Sri Sri Ravi Shankar did not become famous because of his name. He took care of that long ago, by differentiating it from the already famous sitar player. He did not become famous because he had friends in high places. He did not have a headstart to reach where he is today. He started alone and all he did was share some of what he knew. You can argue that yoga, pranayam and meditation have always been known and there's nothing new in what he does. The bottom line is people liked what he had to offer and they kept coming to him. Like it or not, spirituality was not fashionable until Sri Sri.

Whatever it was that he did, he did it long enough and well enough to be known all over the world today. So far so good and things would have been fine if this was all it was. But the trouble is that he doesn't want to stop at that. He seems to want to be everywhere. It would've been fine if he had stuck to teaching breathing exercises, working in villages, reforming prisoners, teaching organic farming, planting trees etc. No problem. But when he wants to be active on political issues, mediate on issues he doesn't need to, voice opinions on matters that are not spiritual, well, that's a problem. Because then, he is encroaching, edging past people who had headstarts, who have the right surnames. And that is a serious breach of territory.

He can close his eyes today and put his finger on any city in India and gather lakhs of people there. Which politician today in India can do that? The strength of his popularity and connection with people, all these years, was visible only in the form of service projects like trauma relief. No matter where disaster strikes in the world, he is able to mobilize people and resources, even during the floods in Sindh last year. Good, more importantly, harmless.

But when that strength is moved from fringe issues, that affect a section of society, to core issues, that affect the bulk of the population, it starts shaking the seat of power. Suddenly, there is a fear that he may have political aspirations. Jesus, after all, was crucified on that very accusation. It starts showing up in remarks like "Swamiji, stick to spirituality, leave the politics to us." The condescension gives away that someone is rattled.

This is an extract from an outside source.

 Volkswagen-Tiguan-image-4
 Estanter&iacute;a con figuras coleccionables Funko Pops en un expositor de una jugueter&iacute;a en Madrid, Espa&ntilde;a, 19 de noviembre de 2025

Sri Sri Ravi Shankar embarked on a tour of Pakistan a few days ago. You don't agree with what he does, fine. You question his intentions, it's your right. But by any account, somebody as widely known as him, going from India on a peace mission to Pakistan is big news. Consider the ground work: He has managed to portray spirituality in a way that nobody finds it an infringement in a religiously orthodox atmosphere. His volunteers directed relief operations in a country where our government has no influence. He has been able to tap the significant but unexpressed sentiment - “Fine, whatever, let’s just be friends now”. He has created a demand for himself when nobody in Pakistan has a reason to welcome anything or anybody from India. The breakthrough is historic, at the very least. Nope, not to our media. Peace mission? Boring.

Our media likes to believe that people love watching them sit in their studios and argue over the day's developments in sophisticated vocabulary. These people reach millions of people on a daily basis. But they are so busy being full of themselves, that they fail to connect with common people. How many times have you heard anybody say anything nice about any of our news channels or newspapers? Nobody today has a kind word for the media and you have to say, they’ve worked very hard to get there.

Without any support from this media, Sri Sri connects with people on the ground, in millions. Why? He adds value to their life, in some way or the other. You can choose to remain skeptic, or unimpressed by what he says but you cannot deny that what he does requires extraordinary commitment. He may well be the most traveled human being in the world today, and since planes are still recent to our civilization, in all of history.

It was not easy going to Pakistan. Apart from those who regularly criticize him because they find him elementary, for this trip, he had to face opposition from the fundamentalists on both sides. "Who are you to interfere? Who asked you? Let the governments handle it." We have seen what the governments have achieved over the last 60 years. It is beyond them. This issue requires a large-heartedness impossible for politicians. Making policies or signing documents does not bring the hearts of people together.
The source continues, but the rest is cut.